Only the lines below from the one with "Kula nawadniająca do" through the one with "From farm to" are to be written out, exactly and without any images.

**Records for this task:**

━━━━━━━━━━━━━━━━

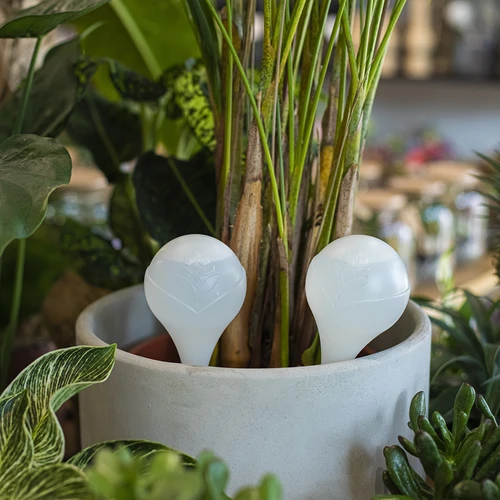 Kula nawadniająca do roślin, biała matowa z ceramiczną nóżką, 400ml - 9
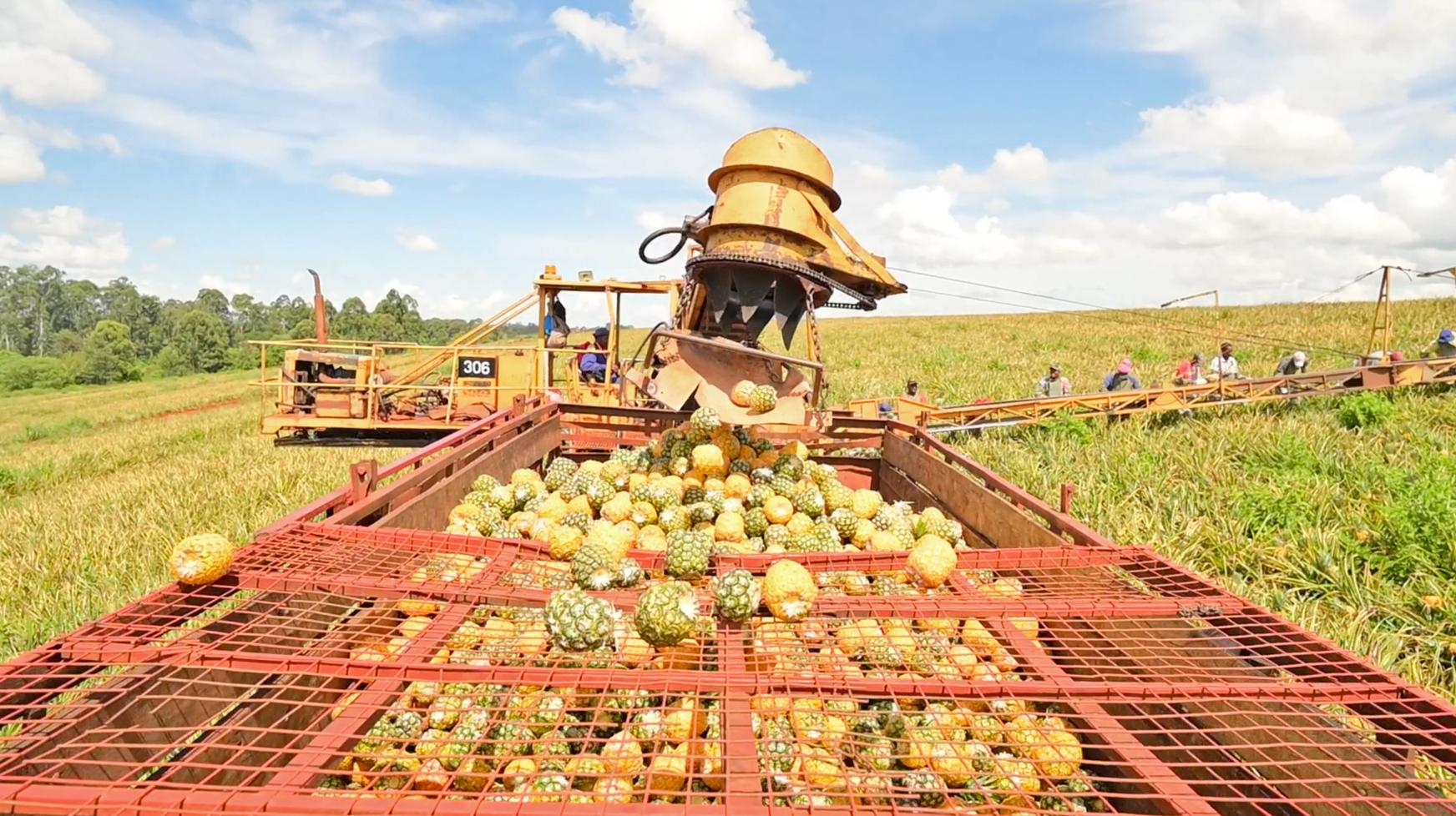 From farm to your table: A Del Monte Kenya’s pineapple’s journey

━━━━━━━━━━━━━━━━

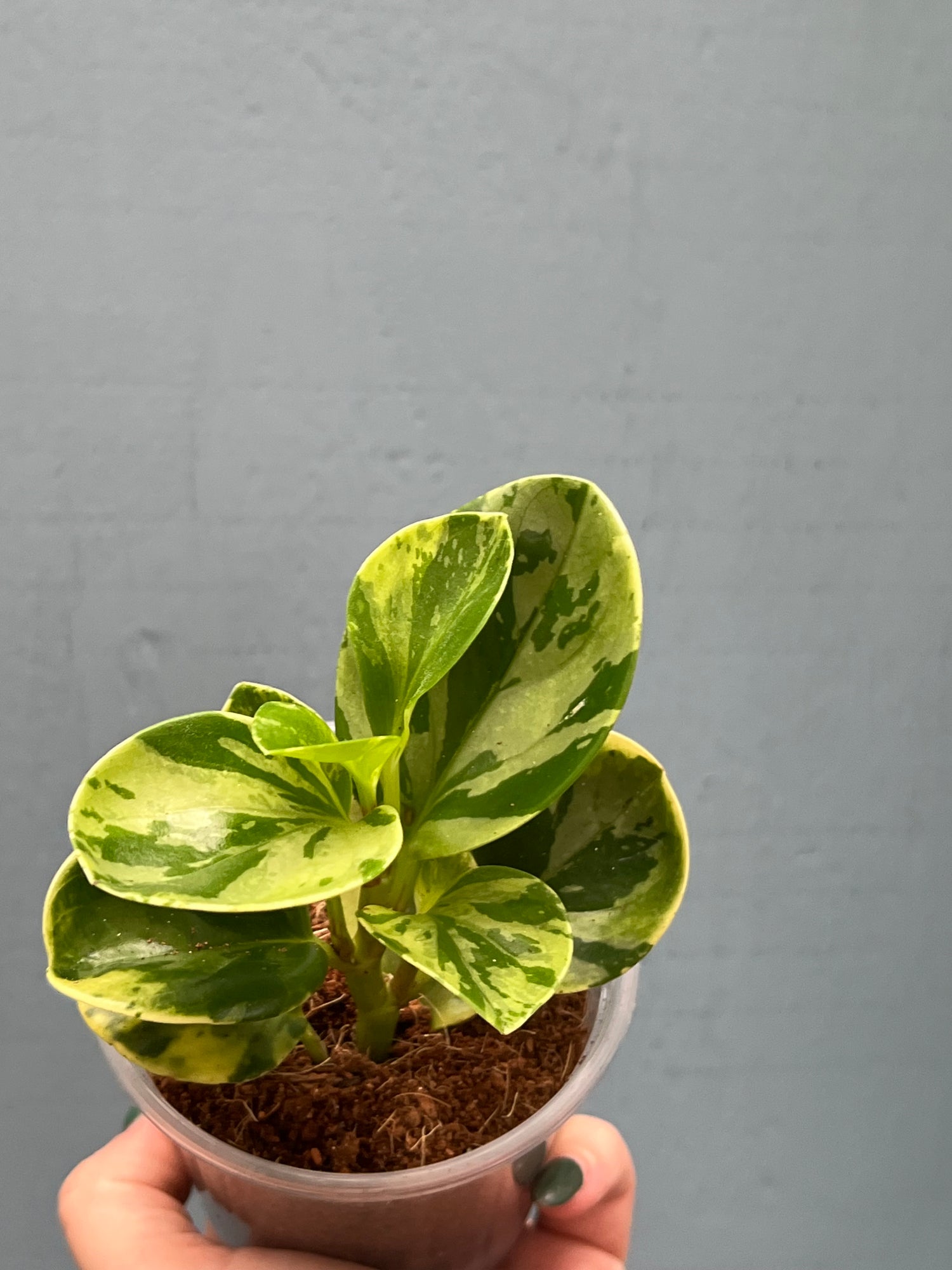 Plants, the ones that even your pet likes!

━━━━━━━━━━━━━━━━

**Problem solution:**
 Kula nawadniająca do roślin, biała matowa z ceramiczną nóżką, 400ml - 9
 From farm to your table: A Del Monte Kenya’s pineapple’s journey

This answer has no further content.